I have a doctor appointment tomorrow. Just a normal check up. To answer some of the questions that a lot of you have had-I don't know if I'll have any more ultrasounds. They've kinda given me the vibe that since it's really just a waiting game and nothing can be done it's all about me now. So, you know, the normal belly check, weight, blood pressure, all that, but not so much anything for Olivia except checking her heart beat. I understand this since there is no intervention for her affliction. I wish that wasn't the case but we know what we know and any other procedures at this point would probably just add stress. I'll find out more about this tomorrow and some of the other questions that you and I have both come up with. We are still praying for a miracle-for total healing for Olivia.
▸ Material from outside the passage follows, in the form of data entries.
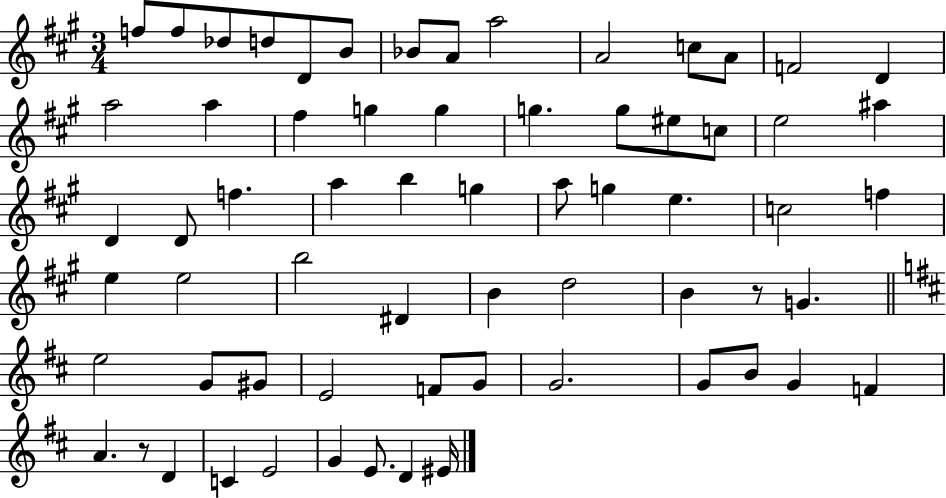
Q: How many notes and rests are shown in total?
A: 65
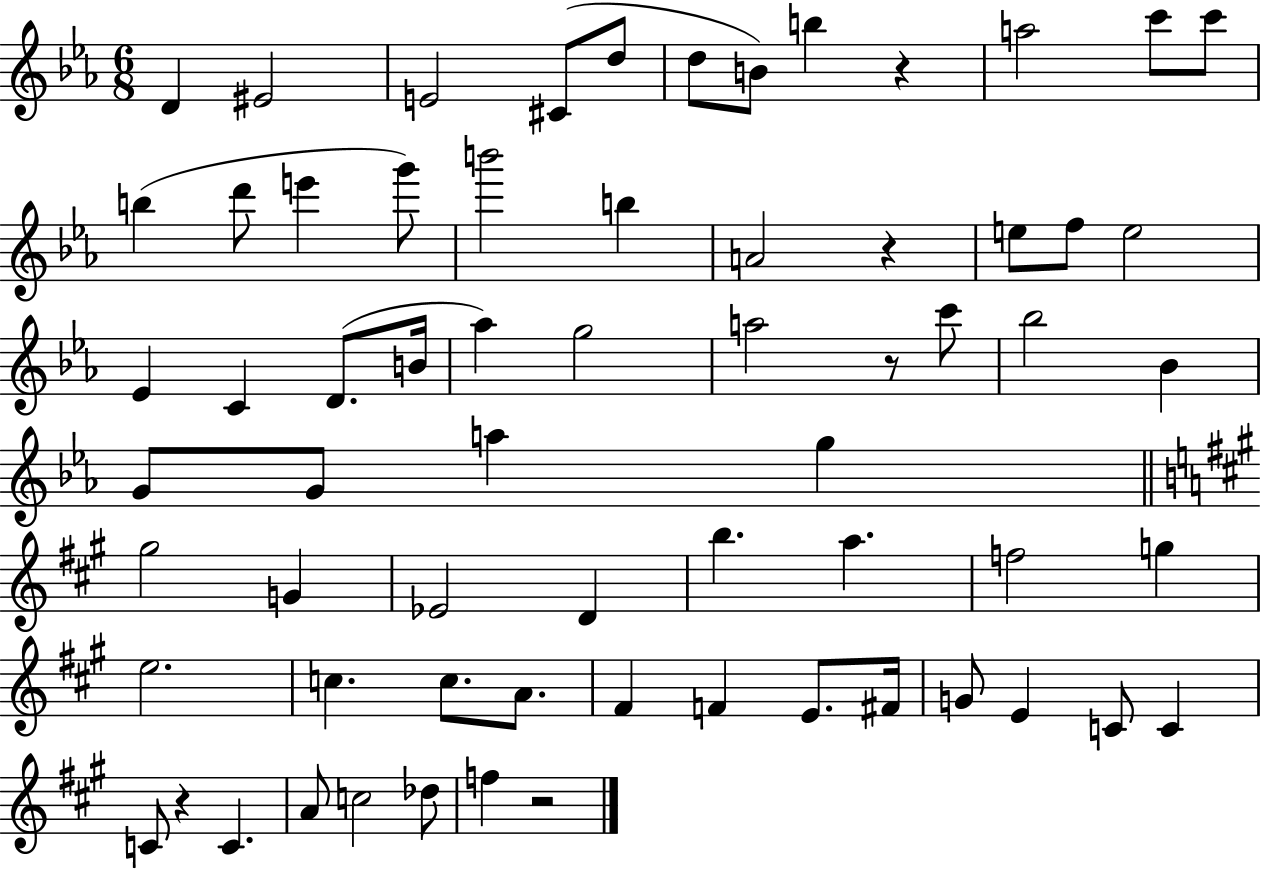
{
  \clef treble
  \numericTimeSignature
  \time 6/8
  \key ees \major
  d'4 eis'2 | e'2 cis'8( d''8 | d''8 b'8) b''4 r4 | a''2 c'''8 c'''8 | \break b''4( d'''8 e'''4 g'''8) | b'''2 b''4 | a'2 r4 | e''8 f''8 e''2 | \break ees'4 c'4 d'8.( b'16 | aes''4) g''2 | a''2 r8 c'''8 | bes''2 bes'4 | \break g'8 g'8 a''4 g''4 | \bar "||" \break \key a \major gis''2 g'4 | ees'2 d'4 | b''4. a''4. | f''2 g''4 | \break e''2. | c''4. c''8. a'8. | fis'4 f'4 e'8. fis'16 | g'8 e'4 c'8 c'4 | \break c'8 r4 c'4. | a'8 c''2 des''8 | f''4 r2 | \bar "|."
}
One last thing- I had the lovely opportunity to meet a new friend this past week who is going through something quite similar to what I am going through. Her name is Michele and I met her by contacts through my dad's church. Her baby boy was due a few days ago and Michele found out about a month ago that he has anencephaly. This is not what Olivia has except the fact that it affects the brain and head. Like Olivia, Hezekiah is not going to live long and Michele and her family have already made all the appropriate arrangements and as you can imagine are, well, just waiting really. Please pray for them. Her and her husband have six other awesome kids and this will be hard on all of the them. Pray for peace that passes understanding, strength and comfort and remember that her children will grieve hard as well. She has given me permission to pass on her blog info. Check her out at arrows4godsarmy.blogspot.com
Until next time keep praying for the things that I have mentioned previously:
God's healing for Olivia (and Hezekiah for that matter)-we know that this is quite possible and that God could choose to lay on us an amazing ministry with this miracle.
We also know that our ministry may better be used if He chooses not to heal her so we pray that God gives us all we need if He chooses not to do this.
No matter what we still need strength and peace and comfort right now
and last of all keep praying that this pregnancy will continue to stay healthy and "normal".